● PROBLEM TO SOLVE
Starting at the line that contains "904 SOMERVILLE STREET", retype each line to the end of the listing below. Include both ends, but not the pictures.

● DATA SUPPLIED
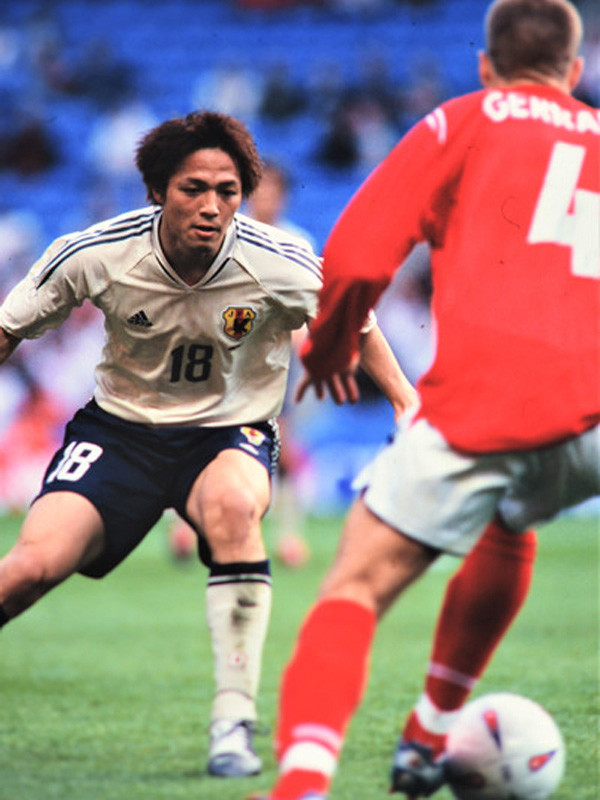高い技術でイングランドの選手を圧倒した日本代表の小野伸二 photo by Akagi Shinji記事を読む＞「日本サッカーは確実に進歩している」。かつてイングランド代表戦で贈られた日本代表への賛辞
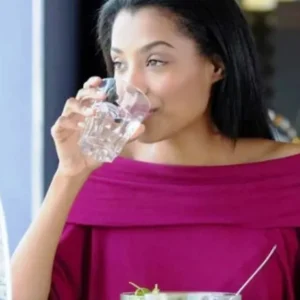 Fakta atau Hoax, Benarkah Minum Air Putih saat Makan Membuat Gemuk? Fakta atau Hoax, Benarkah Minum Air Putih saat Makan Membuat Gemuk?
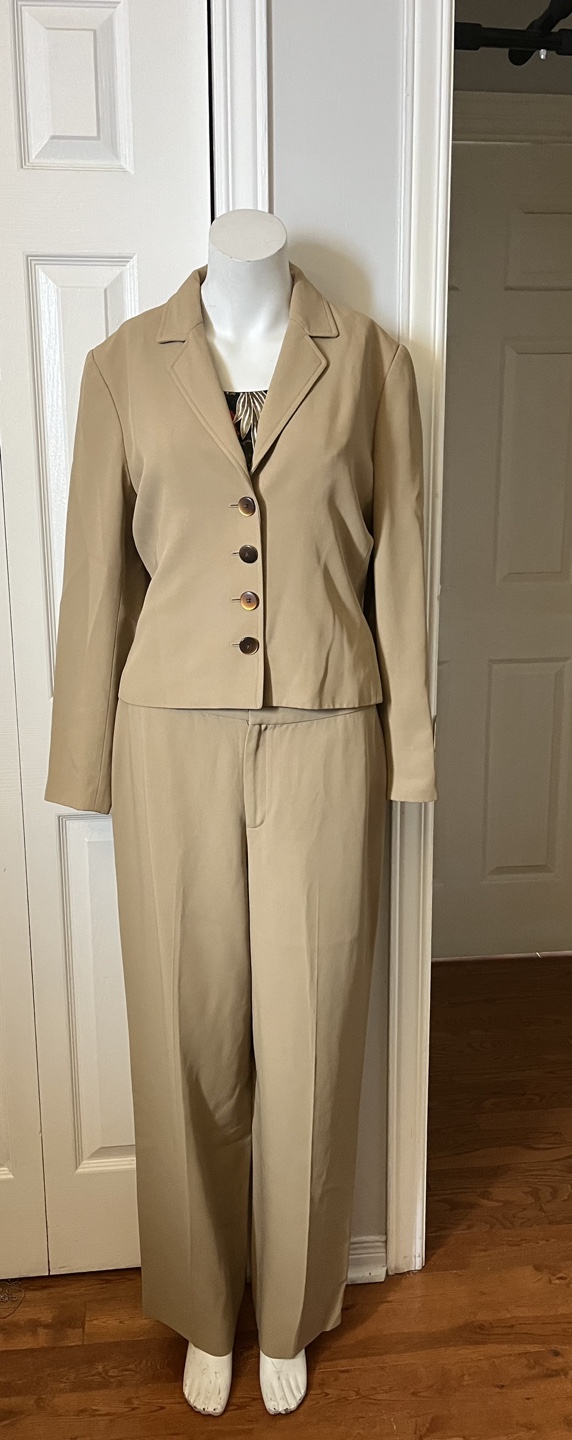 Linda Allard Ellen Tracy Tan Two-Piece Suit Size 12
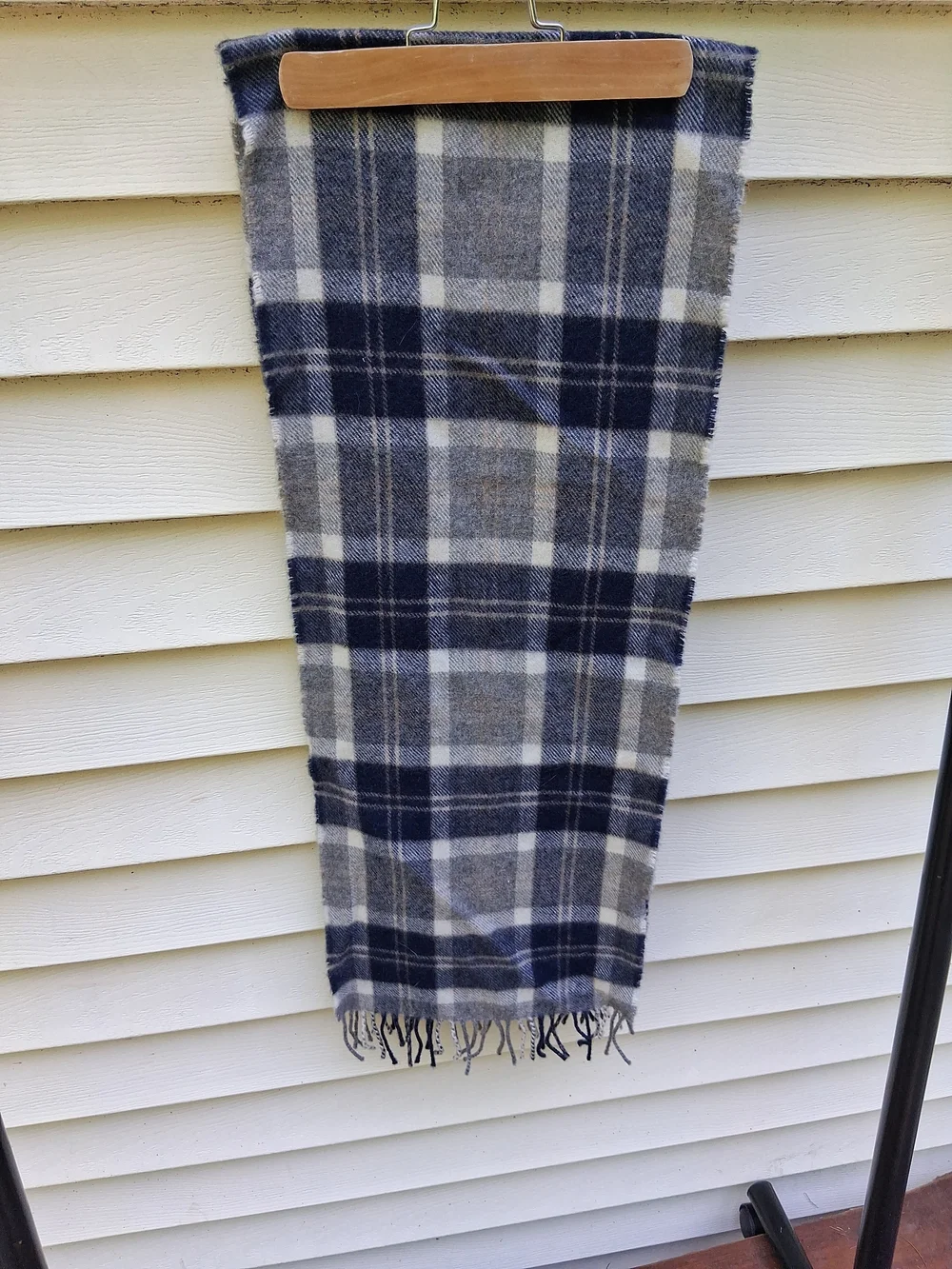 Brooks Brothers Blue Plaid Lambswool Scarf With Tassles Made In Scotland 11.5x62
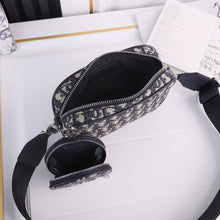 Load image into Gallery viewer, DR268 Small Shoulder Bag / 4.7x7.5x1.3inch
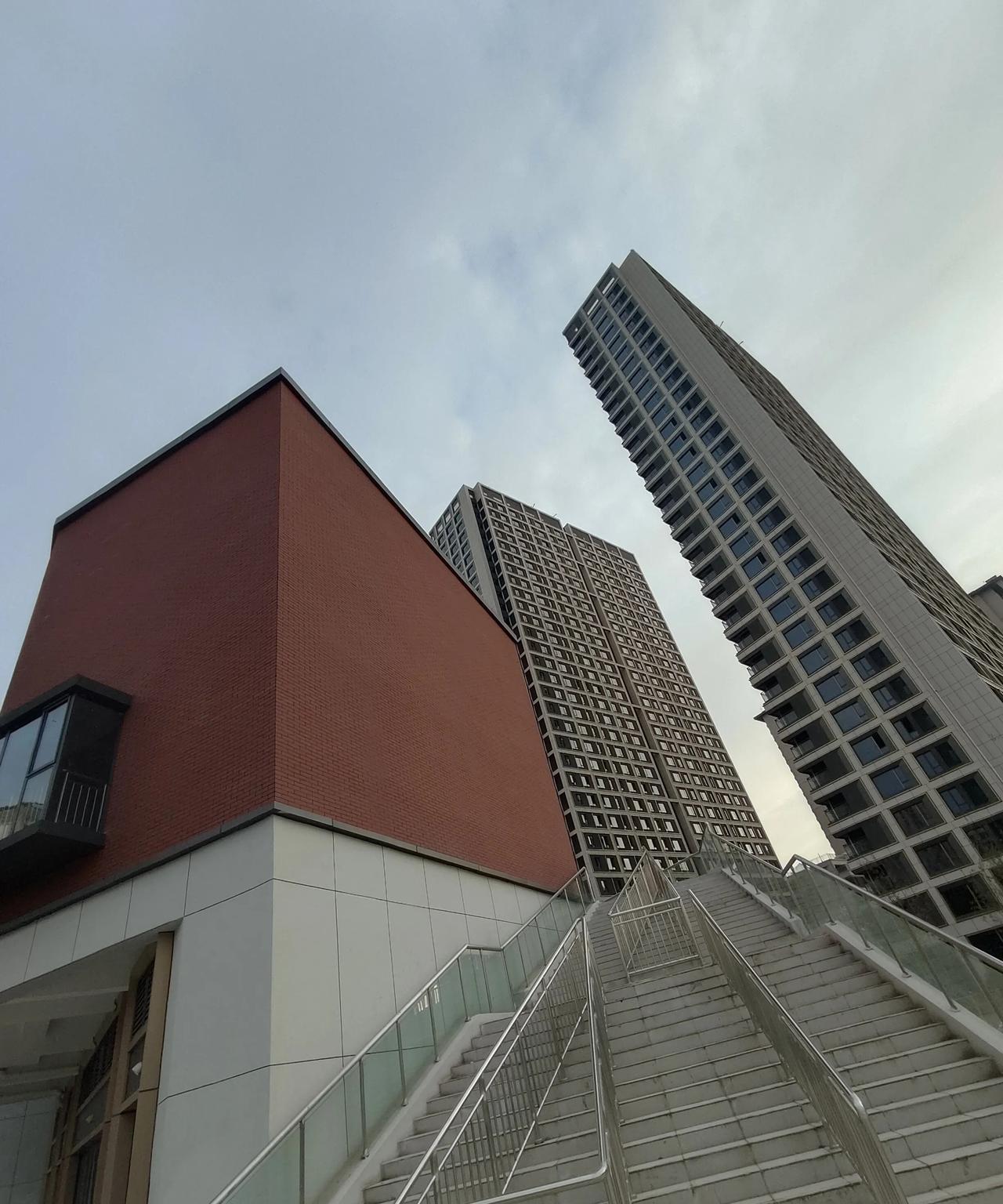 西安改造最成功的公园由于两边都是居民区，而且还配套了专用健身区，无论是早晨还是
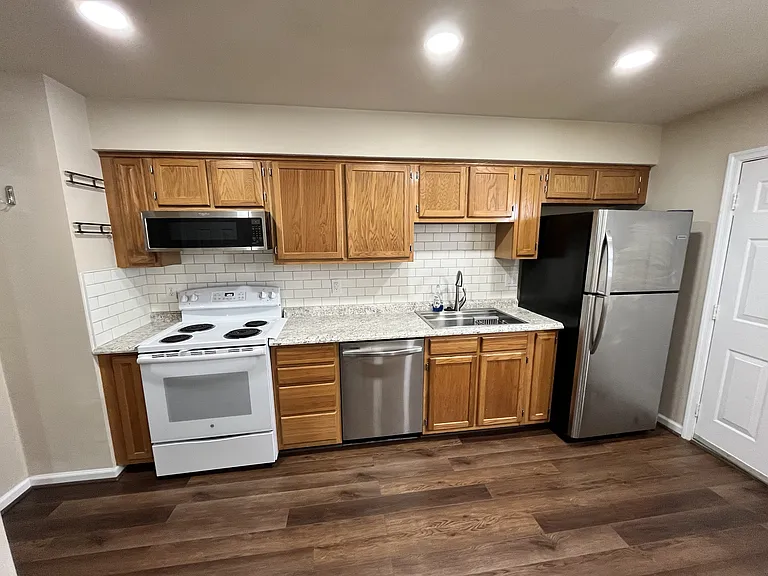 9251 Hickory St — Photo 6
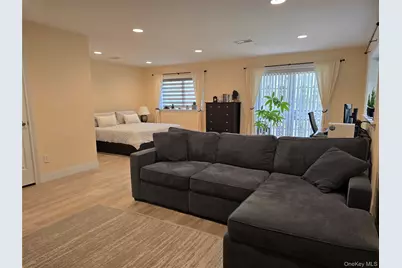 337 Park Crescent, College Point, NY 11356 - Photo 21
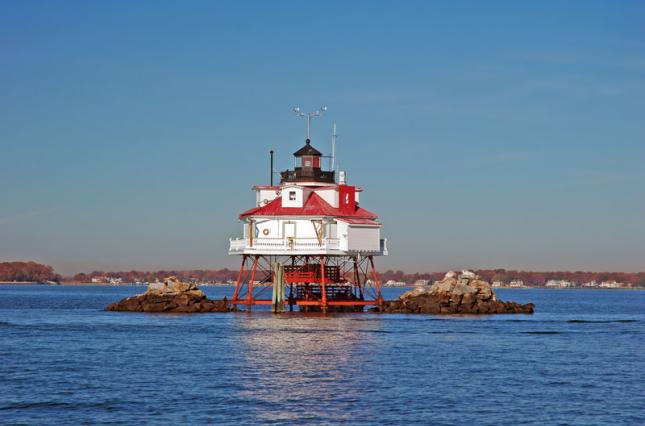Thomas Point Light. Photo credit: Albert Barr / Shutterstock Thomas Point Light. Photo credit: Albert Barr / Shutterstock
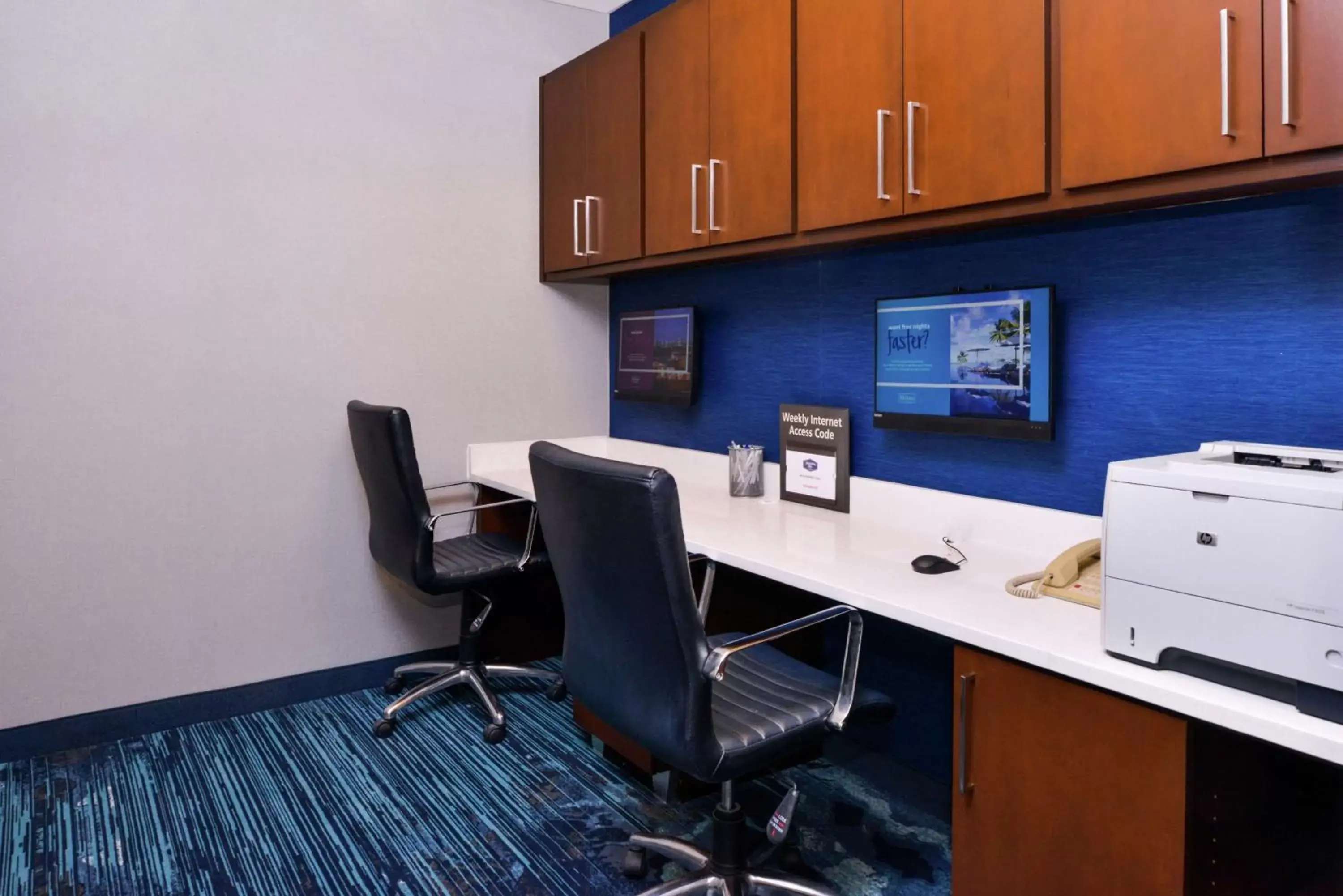 Business facilities in Hampton Inn & Suites Legacy Park-Frisco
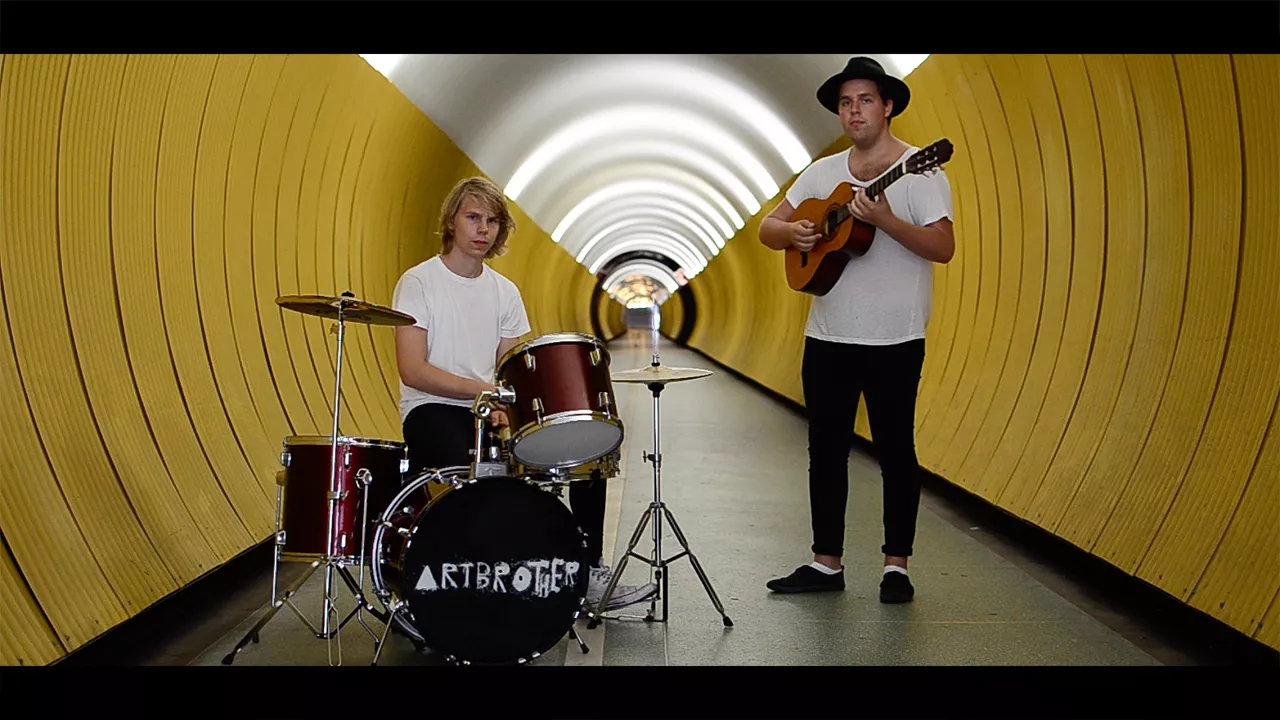 VIDEOPREMIÄR: Artbrother – Take Me Higher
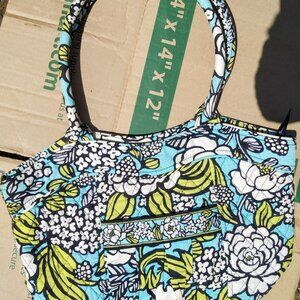 Vera Bradley retired imperial toile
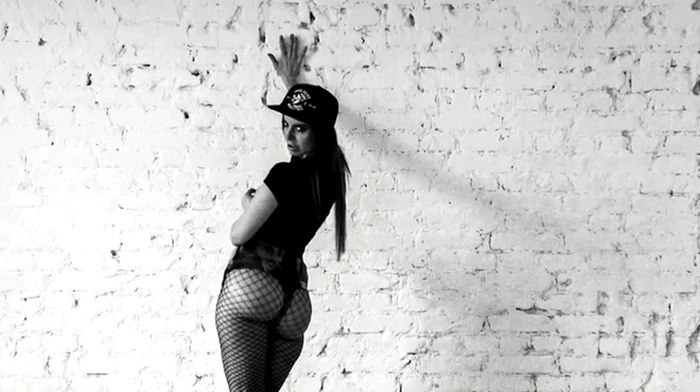 Діджея-госінспектора Елеонору Вербицьку (Елліс Секстон) звільнили через занадто сексуальну поведінку (17 фото) – фото 17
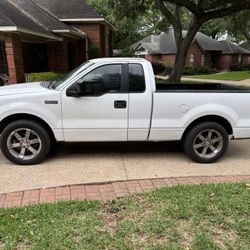 White 2005 Ford F-150   XL 
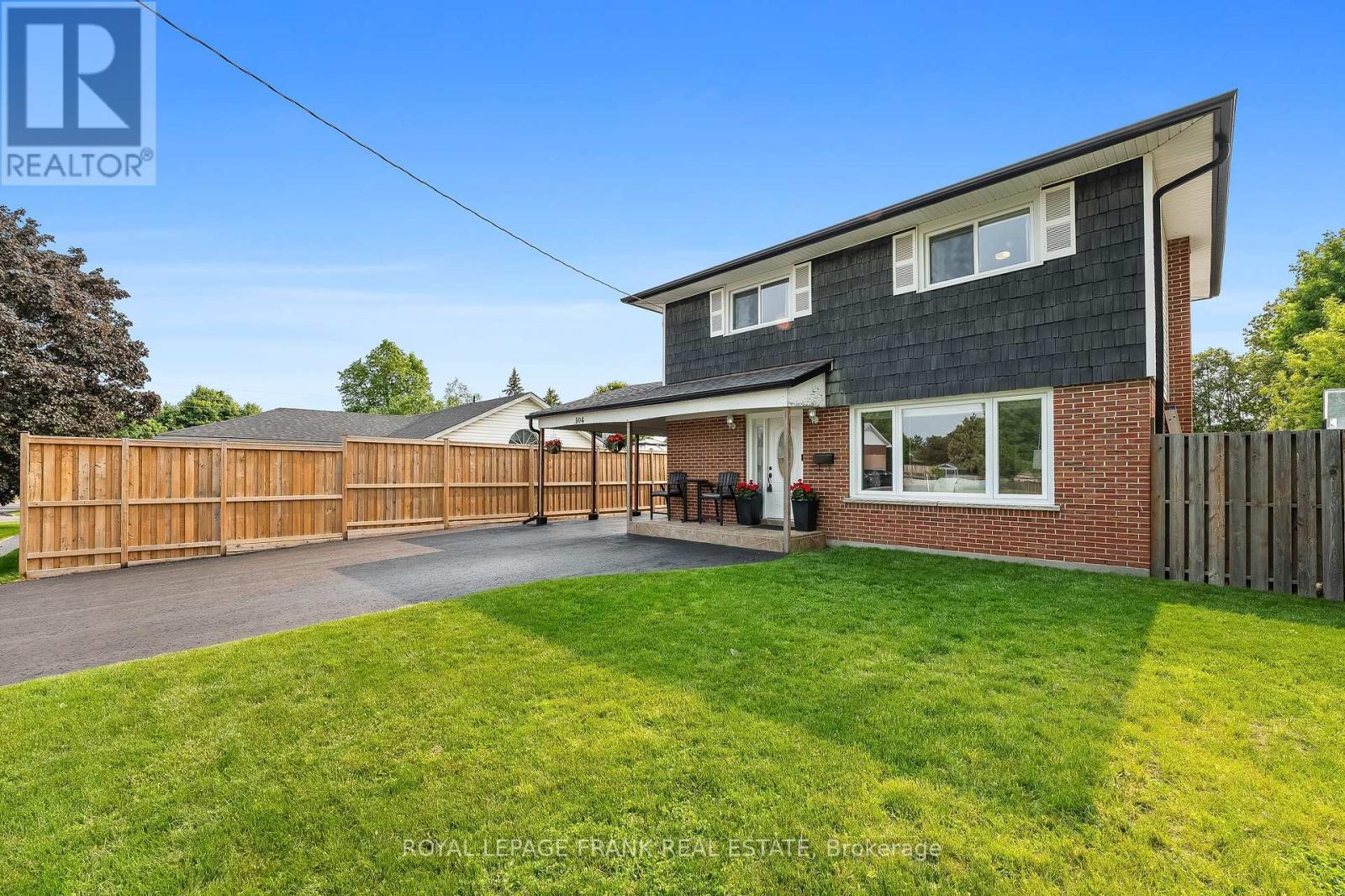 












904 SOMERVILLE STREET

,
Oshawa (Centennial),




Ontario
L1G4J7

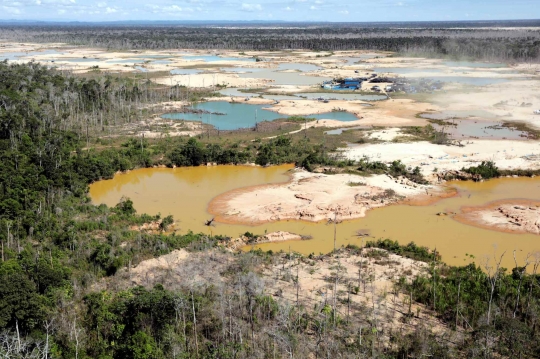 Penampakan Kerusakan Alam Akibat Tambang Emas Ilegal di Peru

● TASK OUTPUT
904 SOMERVILLE STREET

,
Oshawa (Centennial),




Ontario
L1G4J7

 Penampakan Kerusakan Alam Akibat Tambang Emas Ilegal di Peru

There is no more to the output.